Flambé
Getto lo sguardo fuori della finestra della veranda del ristorante. L'Adriatico è un'impenetrabile pozza d'oscurità in fondo alla spiaggia oltre la strada litoranea. Ho in bocca un vago sapore di campari e succo d'arancia. È quanto resta del Garibaldi, il cocktail che ho bevuto prima di cena all'Hemingway mangiucchiando una fitta schiera di crostini al ciauscolo.
Distolgo gl'occhi dal buio della notte e li punto sulla sala del ristorante. Scorgo il cameriere. Cammina verso di noi portando con sé una ciotola di vetro colma d'insalata e un piatto con sopra un foglio di carta d'alluminio accartocciato e fumante. Inarco le sopracciglia, sorpreso.

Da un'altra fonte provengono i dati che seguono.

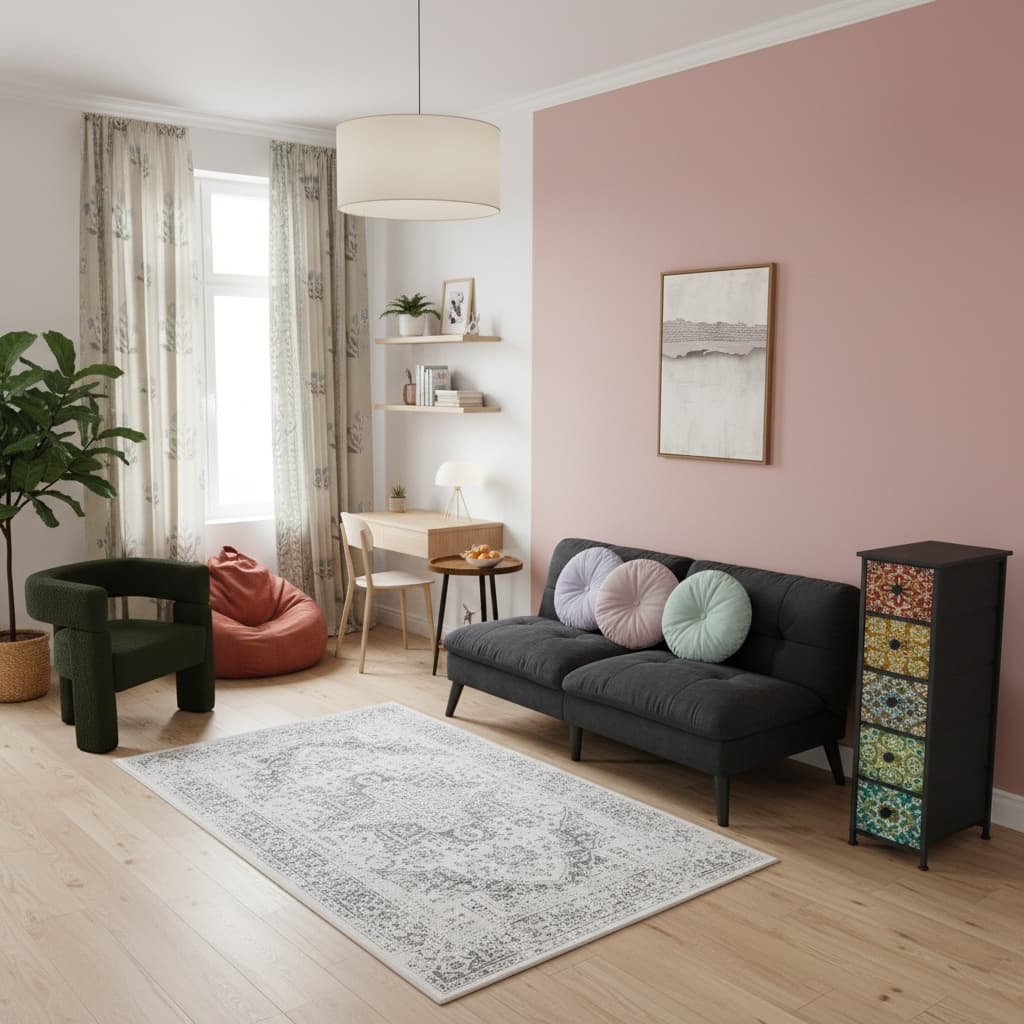 Designing a Futuristic Studio with Pastel Colors: A Guide to Small Space Home Interior Design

Il tale raggiunge il tavolo e distribuisce le ordinazioni: a te l'insalata; a me il foglio di carta d'alluminio. Abbasso lo sguardo e fisso il contenuto dell'involucro argentato. È un groviglio di spaghetti alla matriciana su cui arde una fiamma alimentata da chissà quale arcano portento. Alzo gl'occhi e ti guardo, perplesso.
"Senti un po', Rée: sai mica come spegnere questo rogo immane?"
Ridi.
"No, Ratto, è la prima volta che vedo una cosa del genere."
Cerco il cameriere collo sguardo ma non lo trovo. Il tale è uscito dalla sala per tornare in cucina.
"Cazzo."
Giro gl'occhi intorno a me, alla disperata ricerca d'un estintore.